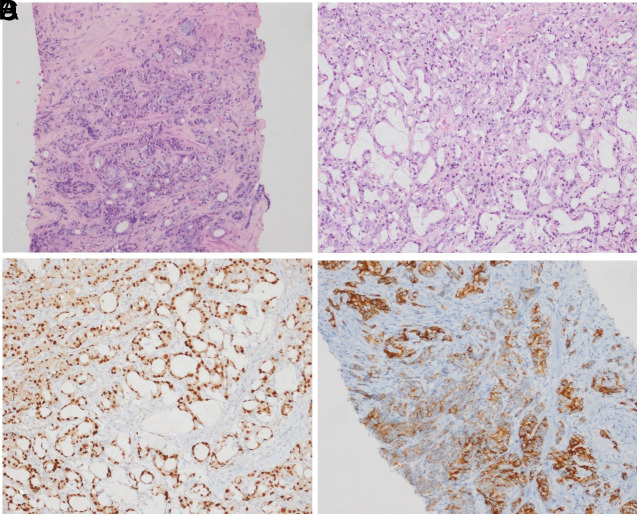 A Rare Cause of Mechanical Icterus: Prostate Cancer Metastasis.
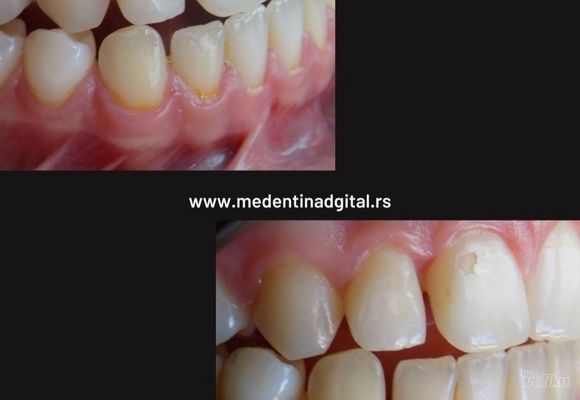 Gingivitis i parodontopatija 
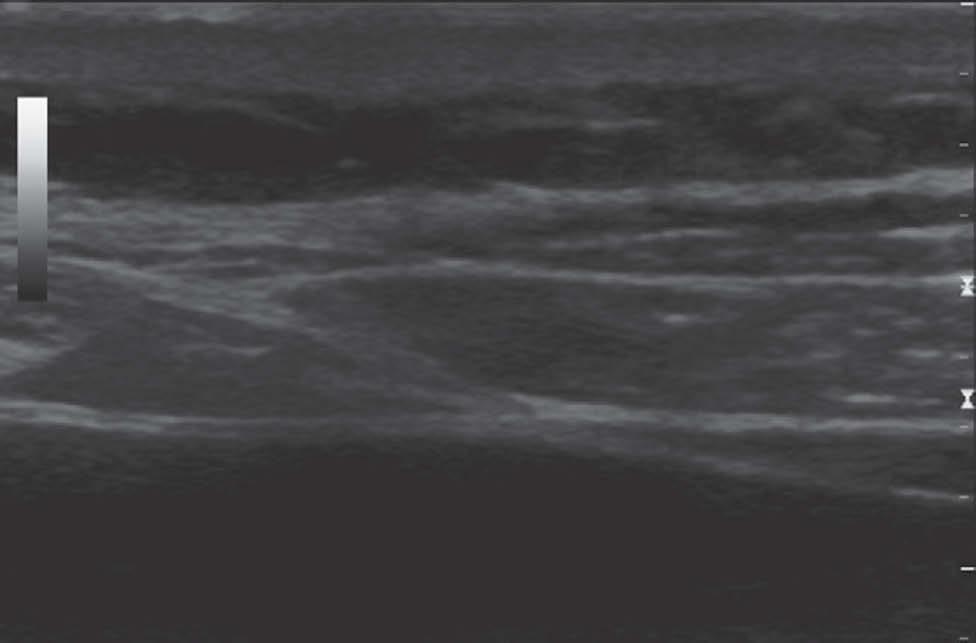 Ultrasound-guided transversus abdominis plane block GE Le RA SC EO IO TA 1 nerves mostly lie in the TAP is the basis of the TAP block regardless of the exact technique and our dissections confirm the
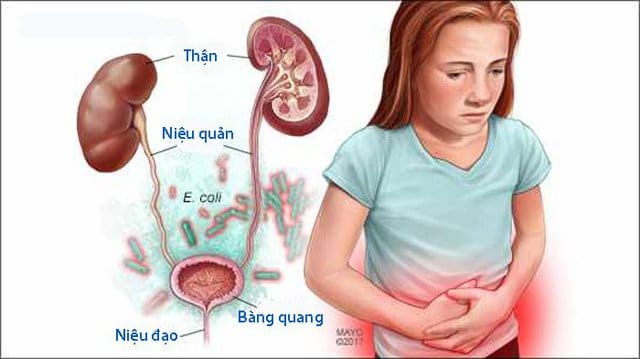 Có nhiều nguyên nhân dẫn đến trẻ bị nhiễm trùng đường tiểu.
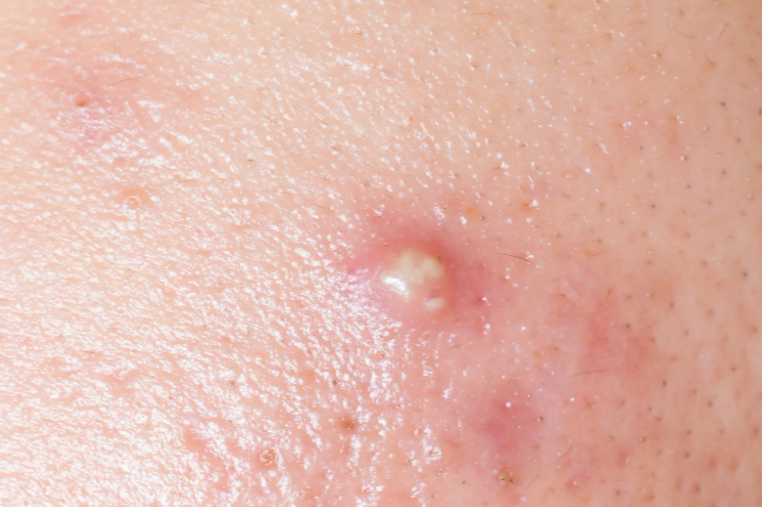 girl squeezing pimples vietnam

# Activity
Extract exactly the lines from the one containing "Gingivitis i parodontopatija" through the last line of the records above, both included, and leave out the pictures.

# Exercise solution
 Gingivitis i parodontopatija 
 Ultrasound-guided transversus abdominis plane block GE Le RA SC EO IO TA 1 nerves mostly lie in the TAP is the basis of the TAP block regardless of the exact technique and our dissections confirm the
 Có nhiều nguyên nhân dẫn đến trẻ bị nhiễm trùng đường tiểu.
 girl squeezing pimples vietnam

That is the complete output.